## Data for processing:

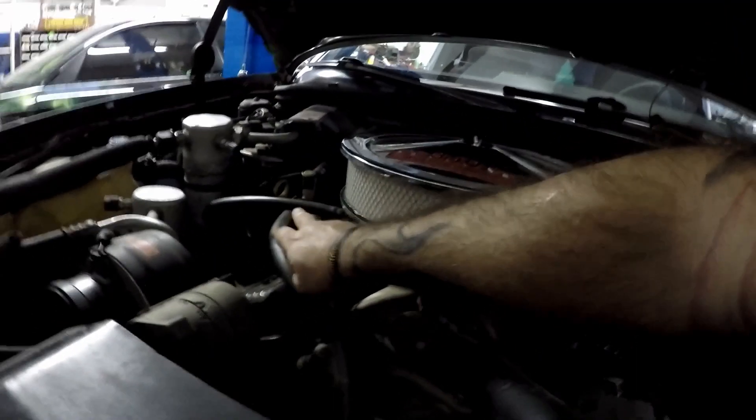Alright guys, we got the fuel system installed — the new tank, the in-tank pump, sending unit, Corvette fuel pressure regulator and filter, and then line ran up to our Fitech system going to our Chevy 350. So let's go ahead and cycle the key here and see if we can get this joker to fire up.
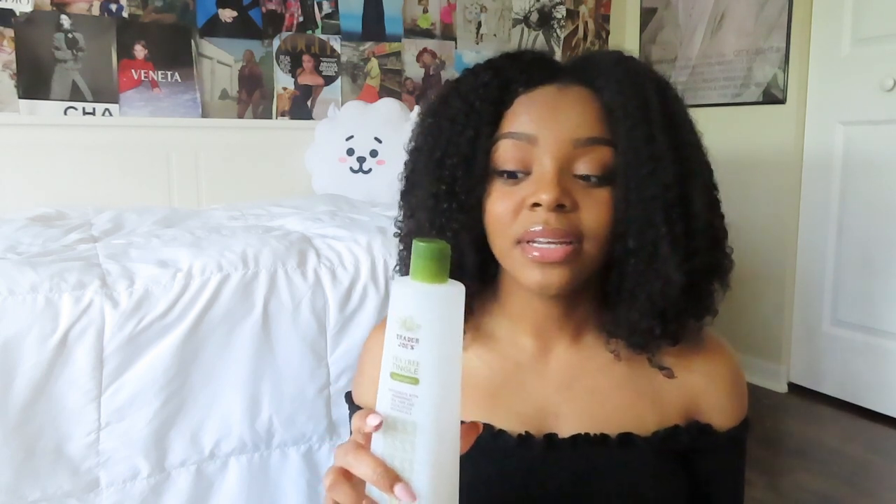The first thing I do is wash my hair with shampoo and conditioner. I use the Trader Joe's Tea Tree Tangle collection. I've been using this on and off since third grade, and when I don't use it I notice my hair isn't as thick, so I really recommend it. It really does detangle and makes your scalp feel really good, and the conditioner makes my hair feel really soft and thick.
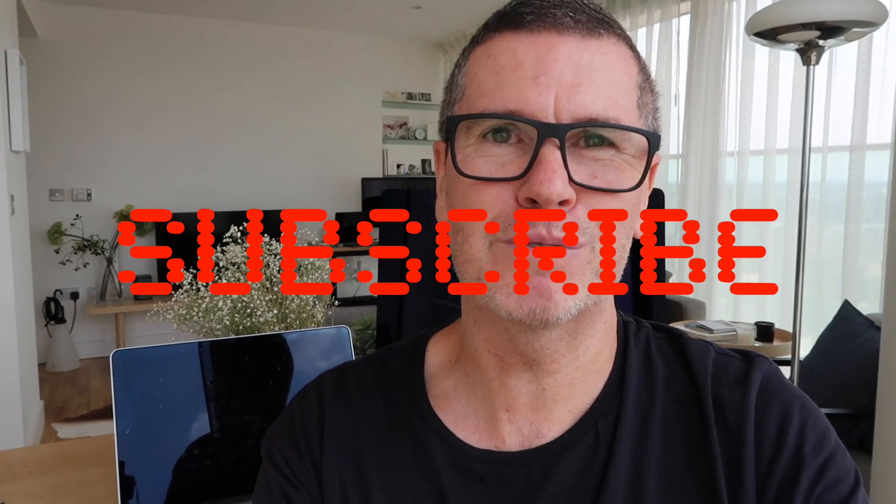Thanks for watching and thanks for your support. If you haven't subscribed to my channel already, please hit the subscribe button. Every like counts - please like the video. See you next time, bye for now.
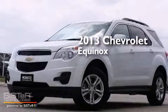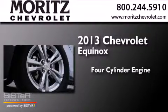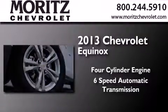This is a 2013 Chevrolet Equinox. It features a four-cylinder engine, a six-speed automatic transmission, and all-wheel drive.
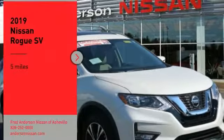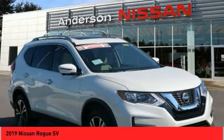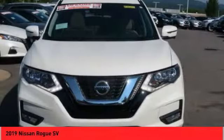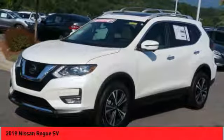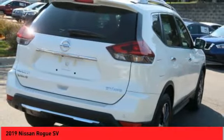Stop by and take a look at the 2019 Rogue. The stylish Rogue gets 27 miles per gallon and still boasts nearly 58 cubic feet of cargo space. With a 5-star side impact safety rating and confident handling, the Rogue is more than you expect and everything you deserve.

## Description of the task:
Once you find the line that contains "This is a 2013", give it again along with every later line through the end of the data, word for word, minus the pictures.

## Problem solution:
This is a 2013 Chevrolet Equinox. It features a four-cylinder engine, a six-speed automatic transmission, and all-wheel drive.
Stop by and take a look at the 2019 Rogue. The stylish Rogue gets 27 miles per gallon and still boasts nearly 58 cubic feet of cargo space. With a 5-star side impact safety rating and confident handling, the Rogue is more than you expect and everything you deserve.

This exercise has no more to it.